One way to tame the overspending habit is to step to the front of the line and spend money on yourself before you spend it on anything or anyone else. It’s called paying yourself first (a.k.a. saving money, but that sounds too boring).

Make it automatic. Instruct your bank to move a certain amount of money at the first of each pay period from your checking account to your savings account. Note that I said “at the first” of each pay period. Put yourself first in line to benefit from the fruit of your labors.

In your case, I will make a further recommendation.

Decide how much you want to spend. Talk with your wife about how much you both wish to spend each month. It sounds like you’ve already decided upon a number – the amount you were spending before you got your big raise.

Account magic. Next, at your bank, set up two checking accounts and one savings account. They can be new accounts or old accounts you simply repurpose.

The first checking account is to be called your “wealth coordination account,” or WCA. The second checking account is to be called your “spending account.” And the third is simply your savings account.

Next, instruct your employer to have your entire paycheck deposited into your WCA.

On the same day your payroll check is deposited to your WCA, have the bank set up an auto draft to move the pre-determined spending amount from your WCA to your spending account. That is the amount you and your spouse have determined you wish to spend that pay period. It isn’t a budget, because you aren’t making decisions about how the money is being spent. But you have definitely set a limit on what you will spend during that period of time.

What happens to the rest of the funds that were deposited into your WCA? These should also be automatically transferred into your savings account. Your goal should be to have as little money left in the WCA as your bank will allow each pay period, after the auto-transfers are made.

Tip: don’t manually make the transfers each time – have the bank do it automatically. Discipline is a character trait that can come and go. Auto-drafts are forever (or until you tell the bank to change them).

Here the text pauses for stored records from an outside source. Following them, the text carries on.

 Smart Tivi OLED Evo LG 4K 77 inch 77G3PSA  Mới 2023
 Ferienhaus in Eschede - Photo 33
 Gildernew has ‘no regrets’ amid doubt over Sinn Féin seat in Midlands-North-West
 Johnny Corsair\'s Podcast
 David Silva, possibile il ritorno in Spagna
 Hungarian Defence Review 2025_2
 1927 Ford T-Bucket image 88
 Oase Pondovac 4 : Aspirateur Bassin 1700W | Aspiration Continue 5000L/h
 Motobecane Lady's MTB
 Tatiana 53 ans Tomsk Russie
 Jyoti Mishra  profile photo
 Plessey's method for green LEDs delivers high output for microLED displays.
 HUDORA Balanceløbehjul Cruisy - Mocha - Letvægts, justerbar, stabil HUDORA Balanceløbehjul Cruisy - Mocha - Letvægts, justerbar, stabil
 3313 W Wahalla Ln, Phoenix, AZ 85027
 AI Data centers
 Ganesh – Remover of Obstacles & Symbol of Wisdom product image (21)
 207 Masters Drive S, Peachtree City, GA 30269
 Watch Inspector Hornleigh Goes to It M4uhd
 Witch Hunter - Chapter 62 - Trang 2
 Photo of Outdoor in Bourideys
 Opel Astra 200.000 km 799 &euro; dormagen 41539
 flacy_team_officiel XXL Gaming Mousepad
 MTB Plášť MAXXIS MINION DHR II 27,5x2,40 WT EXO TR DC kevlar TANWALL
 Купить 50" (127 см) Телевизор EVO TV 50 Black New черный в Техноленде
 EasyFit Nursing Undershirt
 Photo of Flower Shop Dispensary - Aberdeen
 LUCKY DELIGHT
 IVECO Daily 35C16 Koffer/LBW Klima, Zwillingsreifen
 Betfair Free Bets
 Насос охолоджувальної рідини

If you think you may cheat by regularly transferring funds from your savings to your spending account, move your savings account to another bank.

The result of setting up this system is a pre-determined amount of spending and savings, with funds automatically finding their way into the appropriate accounts, without you having to ever think about it.

As soon as you have an amount equal to six months income in your savings account, you can start directing funds into longer-term investments.

Set up your automatic spending and savings system and let it work its magic.